++++ DATA SUPPLIED

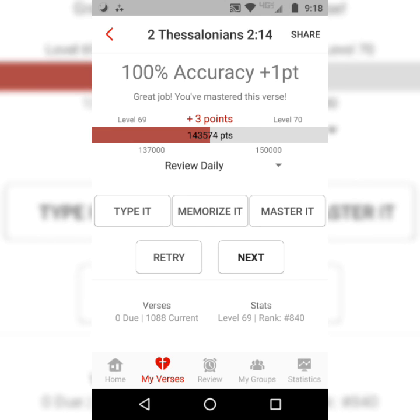I think that's a great method for memorization. Thank you for watching this tutorial on 2 Thessalonians 2:14. This is Danny from catchforchrist.net. Have a great day. God bless.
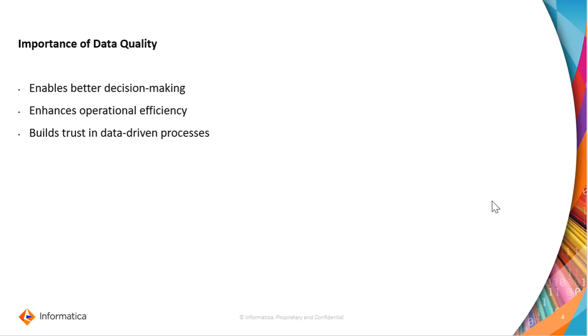Before diving into the importance of data quality, it's essential to understand the concept of data and its significance in operations. Data comprises information stored in various formats, including text, numbers, images, and many more.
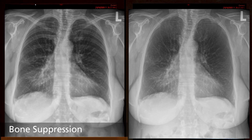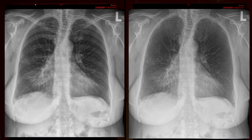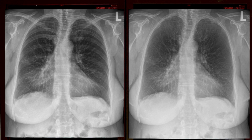Bone suppression utilizes AI to create a companion image, as shown on the right, that suppresses the appearance of bone and enhances the visualization of soft tissue. This requires no additional exposure to the patient and has the potential to increase the confidence of pathology assessment due to improved visibility.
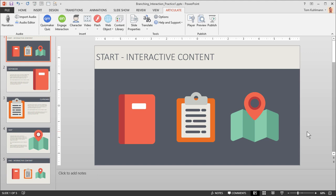In this tutorial we're going to focus on two things. One is we're going to learn how to build interactive content using PowerPoint. And the second part is that we're going to learn how to work with the slide properties in Articulate Presenter 360.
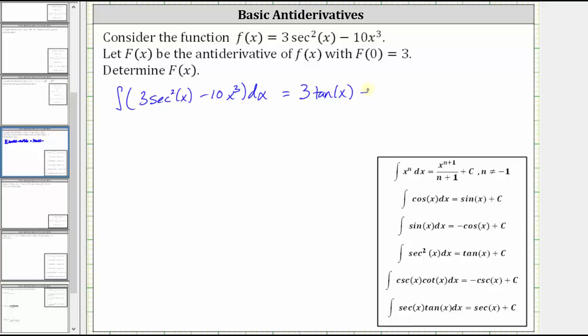Then we have minus the integral of 10x cubed, which is equal to 10 times the integral of x cubed, which is x to the fourth divided by four, plus c.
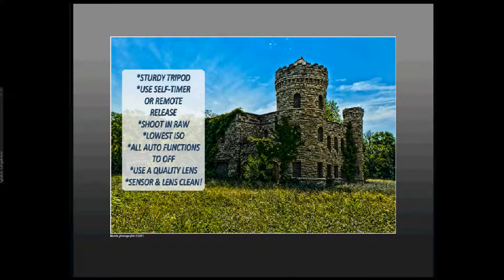Turn all your auto functions to off. Once you've critically focused and metered, go into manual mode. Turn off all autofocus. If you're shooting in JPEG, it's important to make sure you don't have any scene modes activated. I would turn off also auto white balance. Use a quality lens.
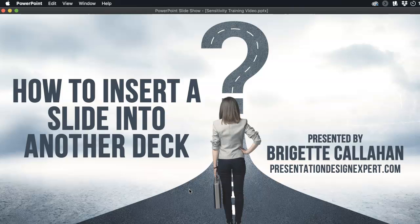Hey Slide Masters! Welcome to another training video. I'm going to show you how to insert a slide into another deck.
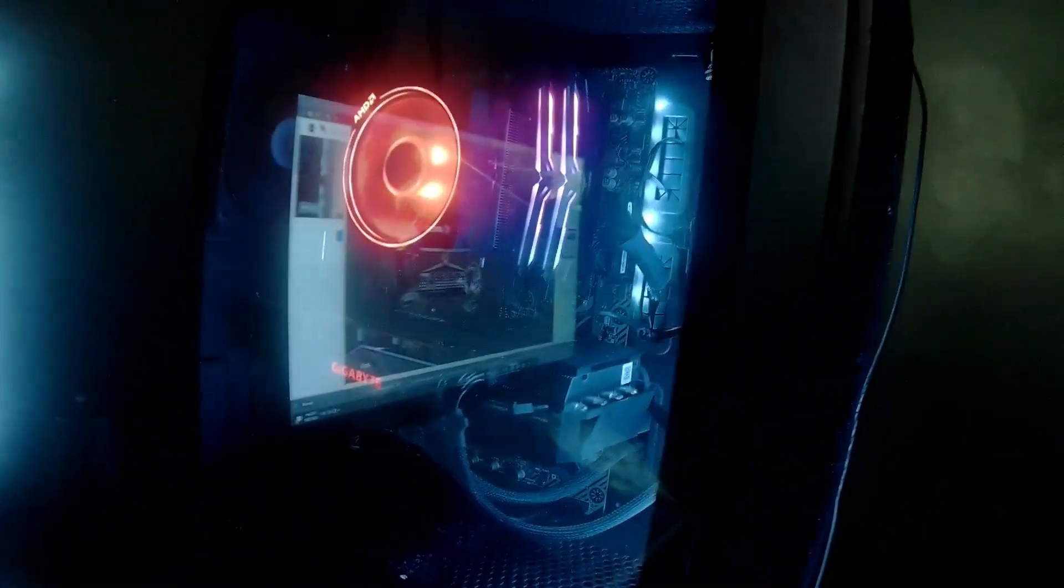So this is my new rig. As you can see, the lights are all synced, although I have an issue with my motherboard.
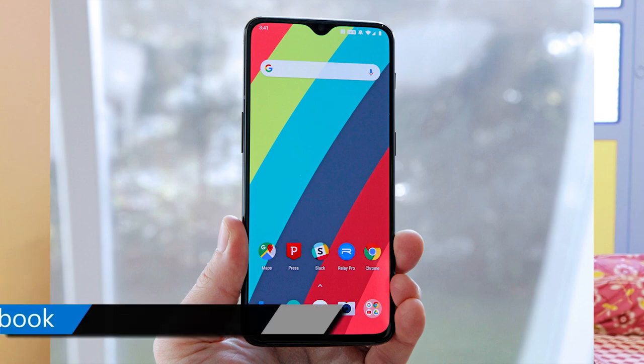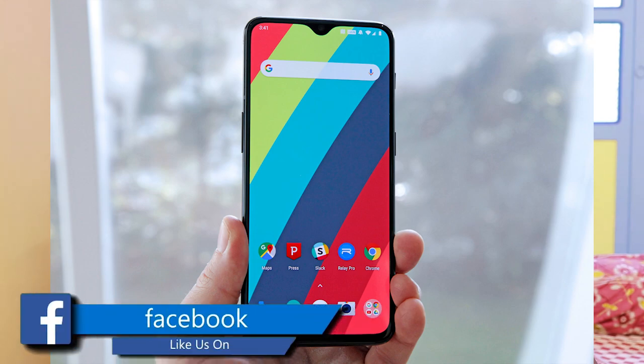Hello everyone, my name is Shagatam, and welcome to the Technicalshine YouTube channel. Today I will cover the OnePlus 6T, the successor to the OnePlus 6. In today's video, I will tell you about the specific specifications of this OnePlus 6T.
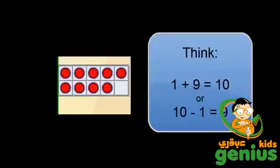This 10 frame has 9 chips. I can tell without counting because there is only one empty block. Now if there could be 10 chips on the 10 frame but only one is missing, then I know that there are 9 there because 1 plus 9 makes 10.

++++++++

**WHAT THE TASK REQUIRES**. The data above must be copied exactly. Leave out the pictures.

**SOLUTION FOR THIS TASK**.
I think that's a great method for memorization. Thank you for watching this tutorial on 2 Thessalonians 2:14. This is Danny from catchforchrist.net. Have a great day. God bless.
Before diving into the importance of data quality, it's essential to understand the concept of data and its significance in operations. Data comprises information stored in various formats, including text, numbers, images, and many more.
Bone suppression utilizes AI to create a companion image, as shown on the right, that suppresses the appearance of bone and enhances the visualization of soft tissue. This requires no additional exposure to the patient and has the potential to increase the confidence of pathology assessment due to improved visibility.
In this tutorial we're going to focus on two things. One is we're going to learn how to build interactive content using PowerPoint. And the second part is that we're going to learn how to work with the slide properties in Articulate Presenter 360.
Then we have minus the integral of 10x cubed, which is equal to 10 times the integral of x cubed, which is x to the fourth divided by four, plus c.
Turn all your auto functions to off. Once you've critically focused and metered, go into manual mode. Turn off all autofocus. If you're shooting in JPEG, it's important to make sure you don't have any scene modes activated. I would turn off also auto white balance. Use a quality lens.
Hey Slide Masters! Welcome to another training video. I'm going to show you how to insert a slide into another deck.
So this is my new rig. As you can see, the lights are all synced, although I have an issue with my motherboard.
Hello everyone, my name is Shagatam, and welcome to the Technicalshine YouTube channel. Today I will cover the OnePlus 6T, the successor to the OnePlus 6. In today's video, I will tell you about the specific specifications of this OnePlus 6T.
This 10 frame has 9 chips. I can tell without counting because there is only one empty block. Now if there could be 10 chips on the 10 frame but only one is missing, then I know that there are 9 there because 1 plus 9 makes 10.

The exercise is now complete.